> Task to carry out:
Repeat exactly, and only, the lines from the one holding "Draper James Black" through the last line of the records below.

> Given data:
*** Begin section ***

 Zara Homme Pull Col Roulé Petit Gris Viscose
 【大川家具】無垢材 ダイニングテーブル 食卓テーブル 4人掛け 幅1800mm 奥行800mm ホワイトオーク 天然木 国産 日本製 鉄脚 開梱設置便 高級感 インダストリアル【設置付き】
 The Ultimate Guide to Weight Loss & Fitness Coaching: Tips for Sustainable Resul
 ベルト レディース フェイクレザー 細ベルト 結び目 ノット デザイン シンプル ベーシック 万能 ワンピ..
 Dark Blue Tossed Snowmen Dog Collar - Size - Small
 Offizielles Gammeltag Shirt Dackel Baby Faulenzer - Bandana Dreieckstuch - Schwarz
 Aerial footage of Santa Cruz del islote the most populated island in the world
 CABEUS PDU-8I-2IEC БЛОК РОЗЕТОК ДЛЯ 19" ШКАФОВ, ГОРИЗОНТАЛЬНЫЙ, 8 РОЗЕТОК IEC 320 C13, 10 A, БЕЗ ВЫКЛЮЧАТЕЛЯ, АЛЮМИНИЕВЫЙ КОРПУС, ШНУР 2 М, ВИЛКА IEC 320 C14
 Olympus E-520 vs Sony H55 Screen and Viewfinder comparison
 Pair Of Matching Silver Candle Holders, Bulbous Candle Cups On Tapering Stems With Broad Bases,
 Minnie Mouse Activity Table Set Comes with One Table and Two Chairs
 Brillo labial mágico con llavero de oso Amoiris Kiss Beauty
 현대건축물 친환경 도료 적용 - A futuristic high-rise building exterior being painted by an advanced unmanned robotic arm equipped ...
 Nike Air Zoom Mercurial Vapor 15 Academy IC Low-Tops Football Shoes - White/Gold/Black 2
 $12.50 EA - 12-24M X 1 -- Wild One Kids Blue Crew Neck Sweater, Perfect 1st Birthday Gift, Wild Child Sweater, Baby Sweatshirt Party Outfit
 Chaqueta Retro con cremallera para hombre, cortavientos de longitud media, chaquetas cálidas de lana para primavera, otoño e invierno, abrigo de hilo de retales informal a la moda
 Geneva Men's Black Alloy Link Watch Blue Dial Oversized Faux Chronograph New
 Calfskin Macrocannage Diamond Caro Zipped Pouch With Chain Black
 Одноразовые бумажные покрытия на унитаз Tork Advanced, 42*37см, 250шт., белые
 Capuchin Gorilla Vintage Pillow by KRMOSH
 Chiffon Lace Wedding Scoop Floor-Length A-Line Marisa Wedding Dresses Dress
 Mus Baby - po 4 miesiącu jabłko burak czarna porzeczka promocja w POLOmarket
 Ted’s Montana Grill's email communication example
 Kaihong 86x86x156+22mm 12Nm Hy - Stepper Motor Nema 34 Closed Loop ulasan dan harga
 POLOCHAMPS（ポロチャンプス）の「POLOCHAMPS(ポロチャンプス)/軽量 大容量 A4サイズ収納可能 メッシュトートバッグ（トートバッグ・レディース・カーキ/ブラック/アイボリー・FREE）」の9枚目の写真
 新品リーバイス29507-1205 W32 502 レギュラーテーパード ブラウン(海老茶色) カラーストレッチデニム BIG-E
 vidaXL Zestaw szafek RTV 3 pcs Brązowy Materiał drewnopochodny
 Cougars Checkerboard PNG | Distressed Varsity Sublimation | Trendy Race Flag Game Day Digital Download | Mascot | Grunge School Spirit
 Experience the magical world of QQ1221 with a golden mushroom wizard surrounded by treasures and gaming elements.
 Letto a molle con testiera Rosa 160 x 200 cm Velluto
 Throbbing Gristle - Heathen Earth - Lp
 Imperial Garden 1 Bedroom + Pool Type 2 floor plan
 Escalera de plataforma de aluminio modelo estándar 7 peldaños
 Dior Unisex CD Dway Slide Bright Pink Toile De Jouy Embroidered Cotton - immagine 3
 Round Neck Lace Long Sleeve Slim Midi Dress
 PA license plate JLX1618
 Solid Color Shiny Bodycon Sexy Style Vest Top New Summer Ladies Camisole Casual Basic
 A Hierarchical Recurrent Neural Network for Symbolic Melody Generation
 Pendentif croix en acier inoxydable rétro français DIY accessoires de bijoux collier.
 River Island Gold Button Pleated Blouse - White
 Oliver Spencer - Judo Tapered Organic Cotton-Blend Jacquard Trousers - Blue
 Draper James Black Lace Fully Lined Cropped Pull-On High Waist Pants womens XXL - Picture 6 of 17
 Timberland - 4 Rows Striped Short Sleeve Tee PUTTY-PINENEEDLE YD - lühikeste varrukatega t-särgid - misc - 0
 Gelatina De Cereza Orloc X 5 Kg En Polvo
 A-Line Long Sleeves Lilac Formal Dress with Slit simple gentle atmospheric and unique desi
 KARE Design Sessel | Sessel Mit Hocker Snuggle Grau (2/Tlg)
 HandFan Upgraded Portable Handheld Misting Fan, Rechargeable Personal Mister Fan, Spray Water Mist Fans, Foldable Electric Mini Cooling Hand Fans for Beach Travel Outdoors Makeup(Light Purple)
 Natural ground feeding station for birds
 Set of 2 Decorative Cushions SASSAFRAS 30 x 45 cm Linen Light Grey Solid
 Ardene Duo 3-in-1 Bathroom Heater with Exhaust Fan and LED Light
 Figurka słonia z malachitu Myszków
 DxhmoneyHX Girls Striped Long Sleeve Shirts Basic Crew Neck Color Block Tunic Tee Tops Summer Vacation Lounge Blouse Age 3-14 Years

*** End section ***

> Reply:
 Draper James Black Lace Fully Lined Cropped Pull-On High Waist Pants womens XXL - Picture 6 of 17
 Timberland - 4 Rows Striped Short Sleeve Tee PUTTY-PINENEEDLE YD - lühikeste varrukatega t-särgid - misc - 0
 Gelatina De Cereza Orloc X 5 Kg En Polvo
 A-Line Long Sleeves Lilac Formal Dress with Slit simple gentle atmospheric and unique desi
 KARE Design Sessel | Sessel Mit Hocker Snuggle Grau (2/Tlg)
 HandFan Upgraded Portable Handheld Misting Fan, Rechargeable Personal Mister Fan, Spray Water Mist Fans, Foldable Electric Mini Cooling Hand Fans for Beach Travel Outdoors Makeup(Light Purple)
 Natural ground feeding station for birds
 Set of 2 Decorative Cushions SASSAFRAS 30 x 45 cm Linen Light Grey Solid
 Ardene Duo 3-in-1 Bathroom Heater with Exhaust Fan and LED Light
 Figurka słonia z malachitu Myszków
 DxhmoneyHX Girls Striped Long Sleeve Shirts Basic Crew Neck Color Block Tunic Tee Tops Summer Vacation Lounge Blouse Age 3-14 Years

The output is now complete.